This page describes exclusion windows in Fault Injection Testing and how to use them to protect your applications and services during critical business operations.
Exclusion windows enhance your control over resilience testing schedules. An exclusion window is a time period you define, during which new fault injection experiments are prevented from starting. This feature helps you protect your applications and services during critical events, such as:
- Peak traffic hours or high-volume sales events
- Major system migrations or upgrades
- Critical maintenance windows
While an exclusion window is active, Fault Injection Testing blocks any attempts to start new experiments within the defined scope. Any experiments that were already running before the exclusion window became active are permitted to continue until they complete.
How exclusion windows work
Scope and targeting
When you configure an exclusion window, you select a specific Cloud region. Once activated, the exclusion window prevents new experiments from starting only within that designated region, regardless of the experiment template used.
Activation and duration
Creating an exclusion window defines its parameters but does not immediately activate it. You must explicitly start the window to make it active.
An active exclusion window stops blocking experiments in one of two ways:
- Automatic expiration: Each exclusion window is configured with a duration. Once activated, the window automatically deactivates after this duration has passed. The system calculates the end time (start time + duration) and stops blocking new experiments once the current time passes this end time.
- Manual stop: You can manually stop an active exclusion window before its scheduled duration expires. This is useful if the critical period ends earlier than expected and you want to resume testing immediately.
Manage exclusion windows in the Google Cloud console
Before proceeding, you must have the roles/faulttesting.operator role.
Create and configure an exclusion window
- In the Google Cloud console, navigate to the Fault Injection Testing Exclusion windows page.
- Click Create exclusion window.
- Specify the Cloud Region, Duration, and an optional Description.
- Click Create.
Manually control an exclusion window
You can manually trigger Start and Stop actions for any configured exclusion window directly from the Google Cloud console.
Automatically activate an exclusion window
You may want, for example, to align with a scheduled maintenance window or recurring event. To automate the activation of an exclusion window:
- After creating an exclusion window, copy the HTTPS URL for the
StartExclusionWindowRPC displayed in the UI. - Use a scheduling service like Cloud Scheduler to set up a job that sends a request to this URL at your chosen time.

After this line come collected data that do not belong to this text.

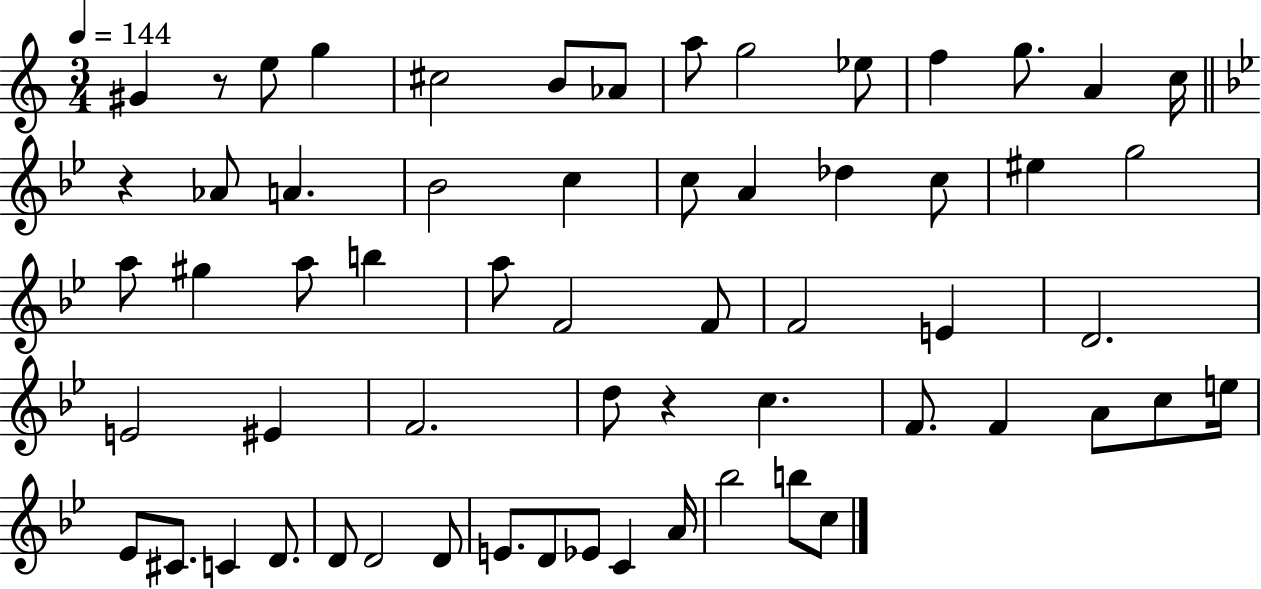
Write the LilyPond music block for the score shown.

{
  \clef treble
  \numericTimeSignature
  \time 3/4
  \key c \major
  \tempo 4 = 144
  gis'4 r8 e''8 g''4 | cis''2 b'8 aes'8 | a''8 g''2 ees''8 | f''4 g''8. a'4 c''16 | \break \bar "||" \break \key g \minor r4 aes'8 a'4. | bes'2 c''4 | c''8 a'4 des''4 c''8 | eis''4 g''2 | \break a''8 gis''4 a''8 b''4 | a''8 f'2 f'8 | f'2 e'4 | d'2. | \break e'2 eis'4 | f'2. | d''8 r4 c''4. | f'8. f'4 a'8 c''8 e''16 | \break ees'8 cis'8. c'4 d'8. | d'8 d'2 d'8 | e'8. d'8 ees'8 c'4 a'16 | bes''2 b''8 c''8 | \break \bar "|."
}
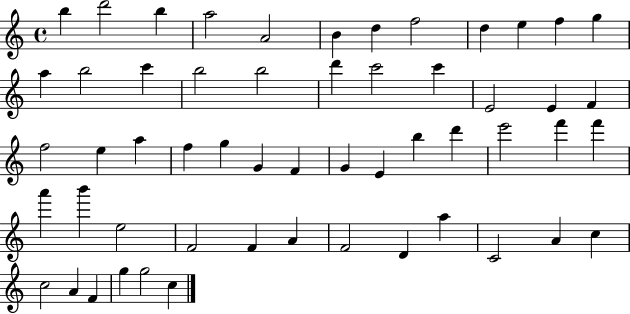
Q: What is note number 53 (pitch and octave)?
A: G5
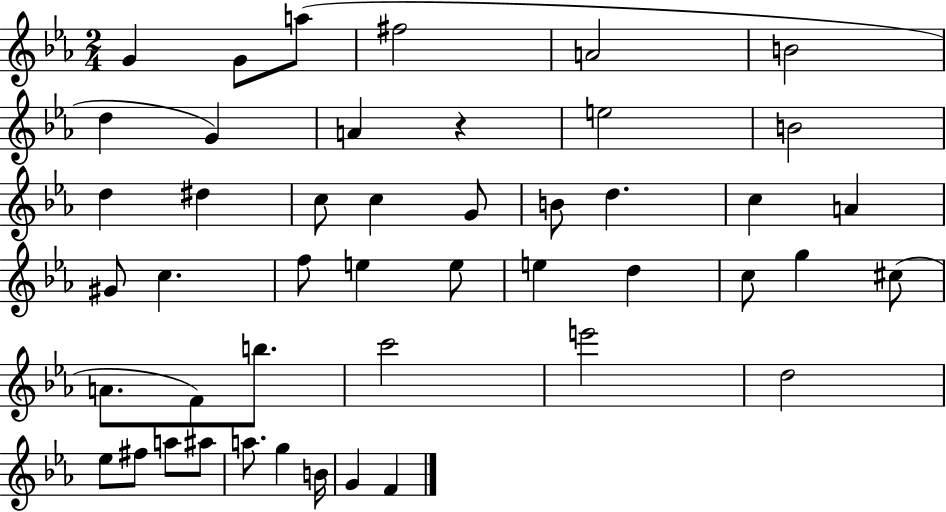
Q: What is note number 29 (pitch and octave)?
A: G5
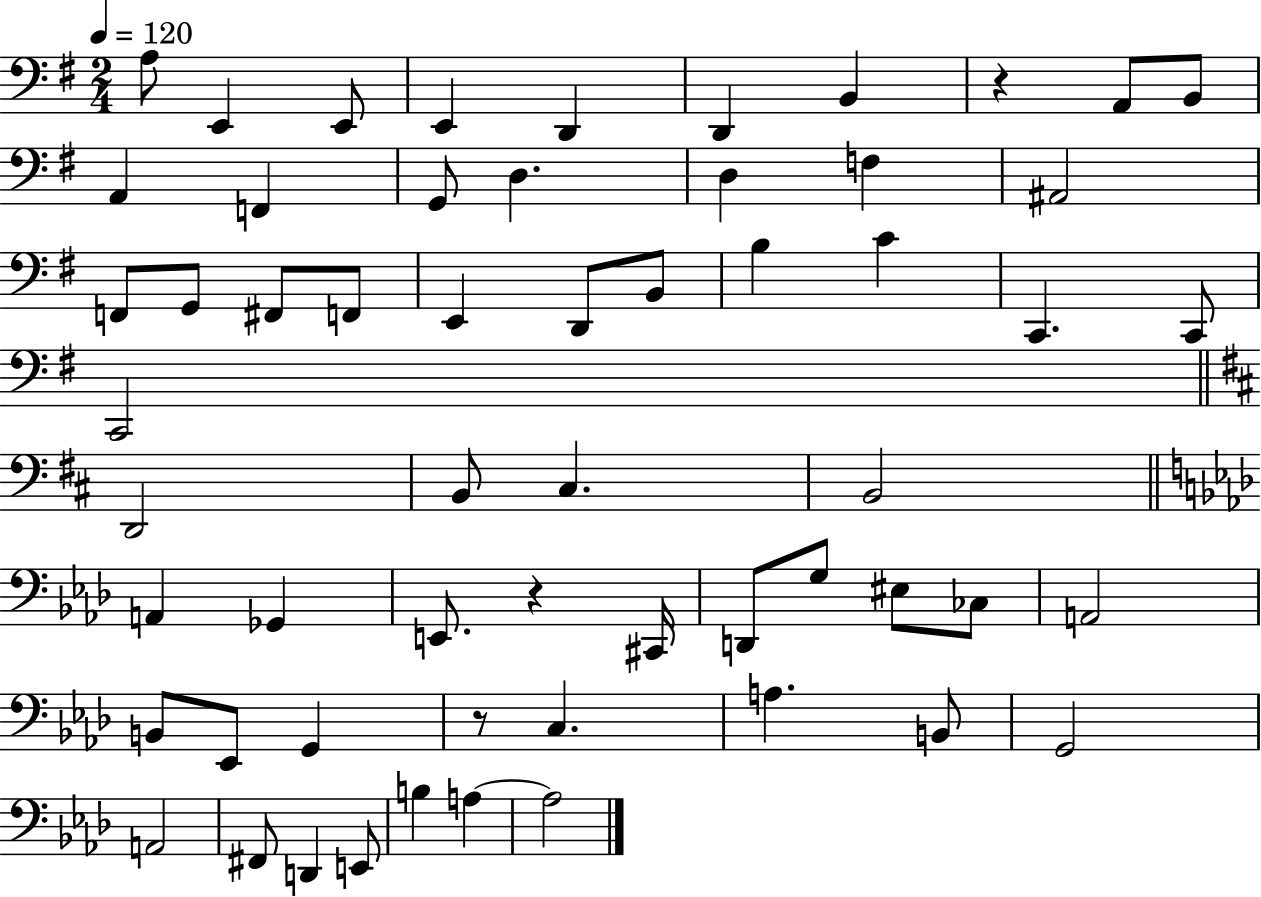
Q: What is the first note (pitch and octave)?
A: A3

Manage exclusion windows using the Google Cloud CLI
You can manage exclusion window resources using the gcloud alpha fault-testing
exclusion-windows commands.
Create an exclusion window
To create an exclusion window, use the create command. Specify the window ID,
the target region, and the duration:
gcloud alpha fault-testing exclusion-windows create EXCLUSION_WINDOW_ID \
--location=REGION \
--duration=DURATION \
[--description="DESCRIPTION"]
Replace the following:
EXCLUSION_WINDOW_ID: A unique identifier for the window (for example,black-friday-freeze).REGION: The Google Cloud region where this window applies (for example,us-central1).DURATION: The active duration, specified in seconds (for example,86400sfor 24 hours).DESCRIPTION: (Optional) A description of the window's purpose.
Example:
gcloud alpha fault-testing exclusion-windows create black-friday-freeze \
--location=us-east1 \
--duration=259200s \
--description="Exclusion window for Black Friday to Cyber Monday sales period"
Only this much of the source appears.